Po decyzji Wielkiej Brytanii o wyjściu z Unii możliwe jest kolejne referendum w sprawie niepodległości Szkocji. Będzie się tego prawdopodobnie domagać Szkocka Partia Narodowa. W podobnym tonie wypowiedział się szef rządu Irlandii Północnej. "Rząd w Londynie powinien rozpisać referendum, w którym mieszkańcy Irlandii Płn. zdecydują, czy Ulster ma wystąpić ze Zjednoczonego Królestwa i połączyć się z republiką Irlandii" - oświadczył Martin McGuinness.

Po decyzji Wielkiej Brytanii o wyjściu z Unii możliwe jest kolejne referendum w sprawie niepodległości Szkocji. Będzie się tego prawdopodobnie domagać Szkocka Partia Narodowa. W podobnym tonie wypowiedział się szef rządu Irlandii Północnej. "Rząd w Londynie powinien rozpisać referendum, w którym mieszkańcy Irlandii Płn. zdecydują, czy Ulster ma wystąpić ze Zjednoczonego Królestwa i połączyć się z republiką Irlandii" - oświadczył Martin McGuinness.
W czwartek Wielka Brytania zagłosowała za opuszczeniem UE /Juan Ignacio Mazzoni /PAP/EPA

Decyzję o tym, że partia najprawdopodobniej będzie się domagać rozpisania referendum ws. niepodległości Szkocji przekazał były przewodniczący SNP, Alex Salmond. Przypomniał, że Szkoci w referendum głosowali za pozostaniem w UE.

Racjonalnym wyjściem dla Szkocji byłoby nigdy nie opuszczać Unii Europejskiej - mówił Salmond stacji Sky News. Jego zdaniem przywódczyni SNP Nicola Sturgeon będzie dążyć do ogłoszenia nowego referendum ws. niepodległości Szkocji.

51,9 proc. Brytyjczyków opowiedziało się w czwartkowym referendum za wyjściem Wielkiej Brytanii z Unii Europejskiej - wynika z opublikowanych rano przez komisję wyborczą ostatecznych wyników. Za pozostaniem w UE zagłosowało 48,1 proc. wyborców.

Referendum także w Irlandii Północnej?

Głos w sprawie zabrał również wiceszef rządu w Irlandii Północnej Martin McGuinness.

Rząd brytyjski nie ma już demokratycznego mandatu do reprezentowania poglądów Północy w jakichkolwiek przyszłych negocjacjach z Unią Europejską. Uważam, że ciąży na nim polityczny imperatyw rozpisania "border poll" (wyborów w sprawie granic) - powiedział McGuinness.

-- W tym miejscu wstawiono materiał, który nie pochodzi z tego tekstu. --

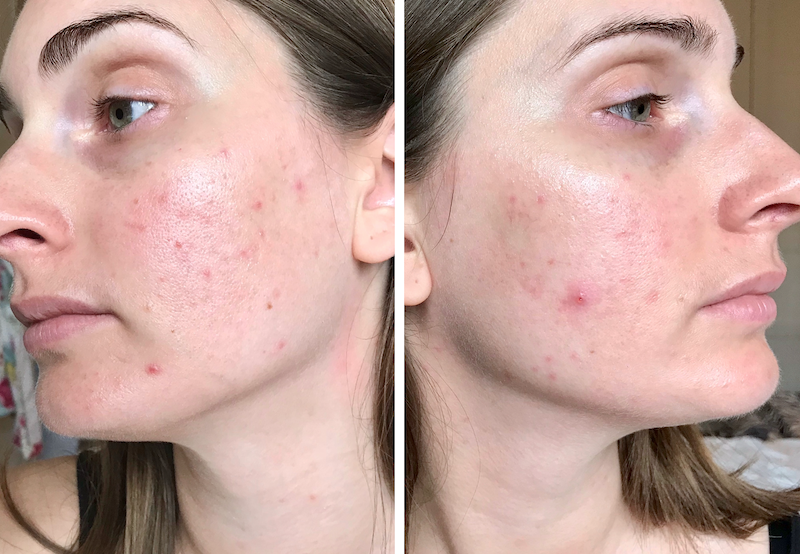 stoppen met de pil na 2 maanden, acne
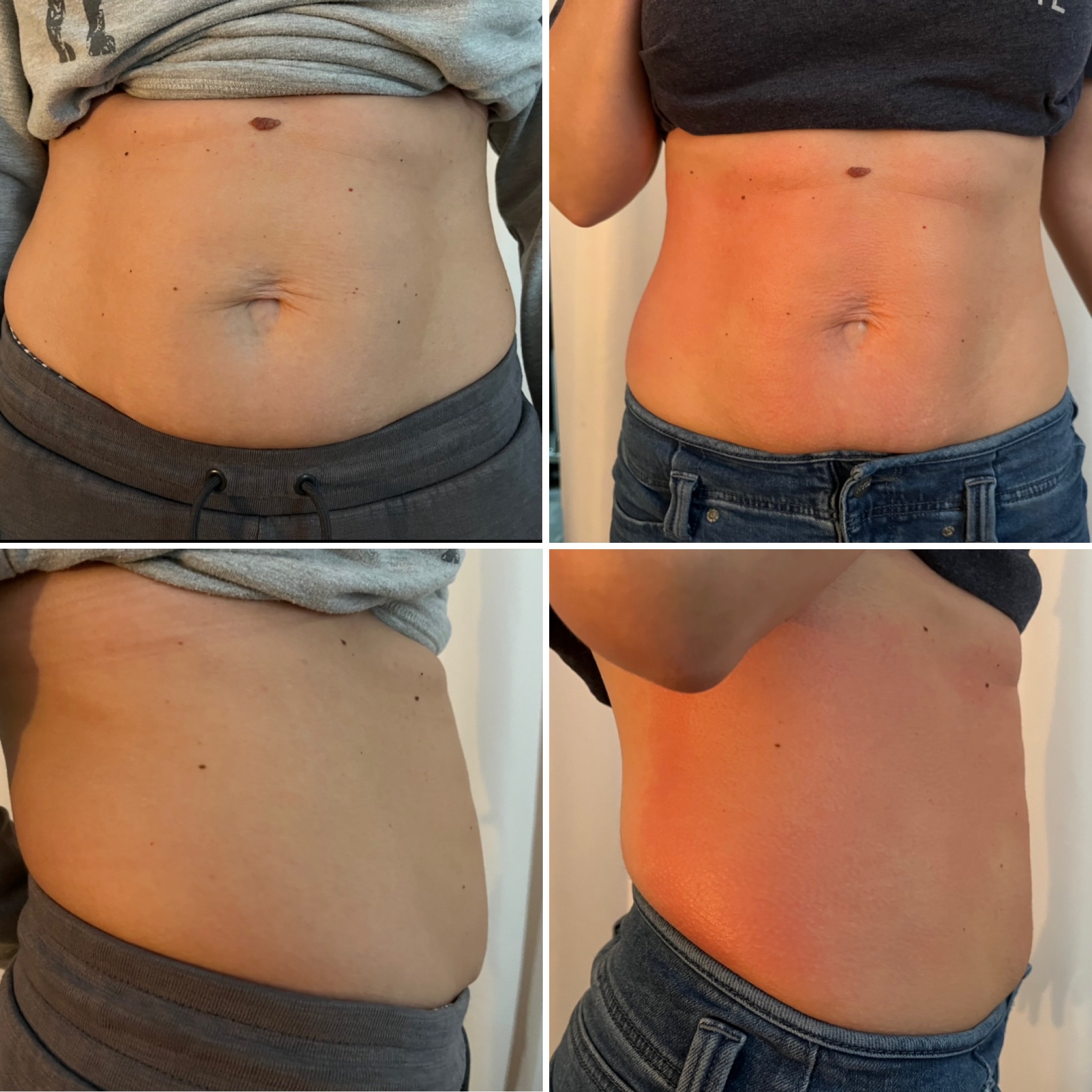 Neveskin body contouring before and after results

"Border poll" nazwano północnoirlandzkie referendum z 1973 roku w sprawie zakończenia podziału Irlandii. Ogromna większość głosujących opowiedziała się wówczas za pozostaniem Irlandii Północnej w składzie Zjednoczonego Królestwa.

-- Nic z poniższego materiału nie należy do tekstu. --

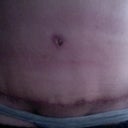 !0 weeks PostOp.  Scar is healing nicely.  It loves to be massaged!  I still have swelling around hip area.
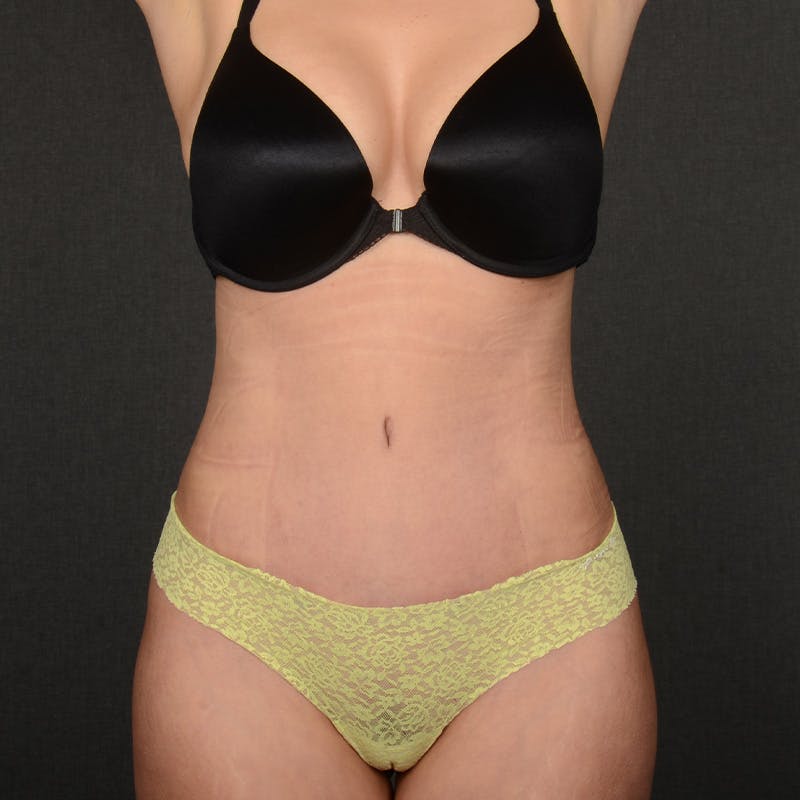 Tummy Tuck Before & After Gallery - Patient 258415 - Image 2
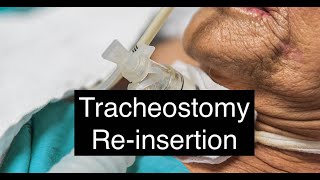 Tracheostomy Reinsertion [upl. by Hizar]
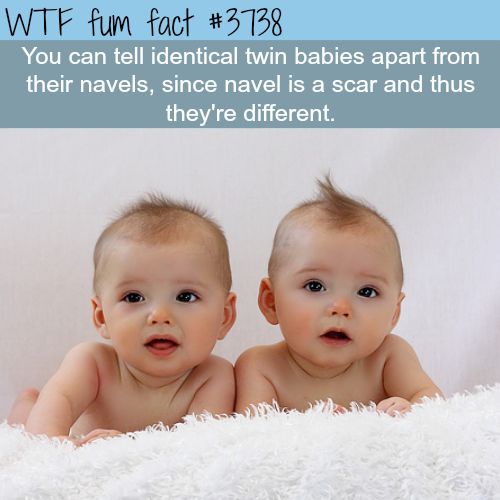 wtf facts - fun facts about babies - Wtf fum fact You can tell identical twin babies apart from their navels, since navel is a scar and thus they're different.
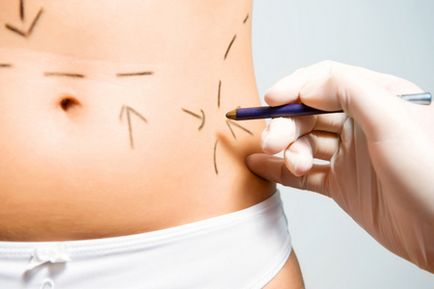 Ultrahangos zsírelszívás invazív és nem-invazív technikával (non-invazív) Ultrahangos zsírelszívás invazív és nem-invazív technikák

Znajdujemy się teraz na niezbadanych wodach, nikt tak naprawdę nie wie, co się teraz stanie. Konsekwencje dla nas wszystkich na wyspie Irlandia są absolutnie ogromne. Może to mieć daleko idące skutki dla naszej (północnoirlandzkiej - red.) gospodarki - dodał McGuinness.

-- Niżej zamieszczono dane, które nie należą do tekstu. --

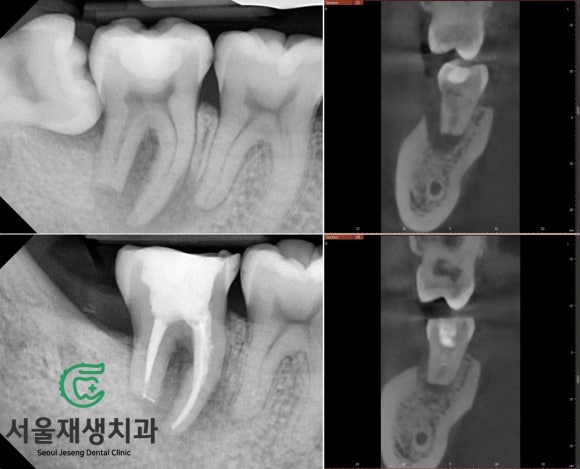 [치료사례] 고난이도 신경치료 (뿌리가 흡수된 치아의 신경치료, 서울재생치과) 관련 이미지 1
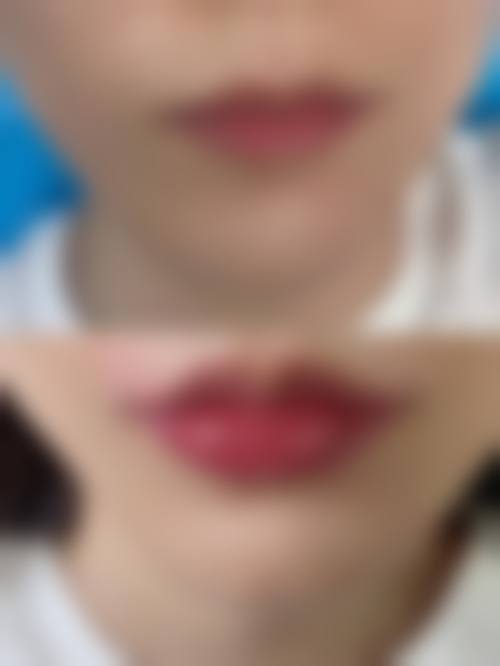 东莞格美雅韵医疗美容门诊部怎么预约？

Wcześniej przewodniczący partii Sinn Fein, Declan Kearney, oświadczył, że jeśli Wielka Brytania opuści Unię Europejską, to brytyjski rząd "utraci wszelki mandat", by reprezentować interesy mieszkańców Irlandii Północnej.

Sinn Fein to największa północnoirlandzka partia narodowa.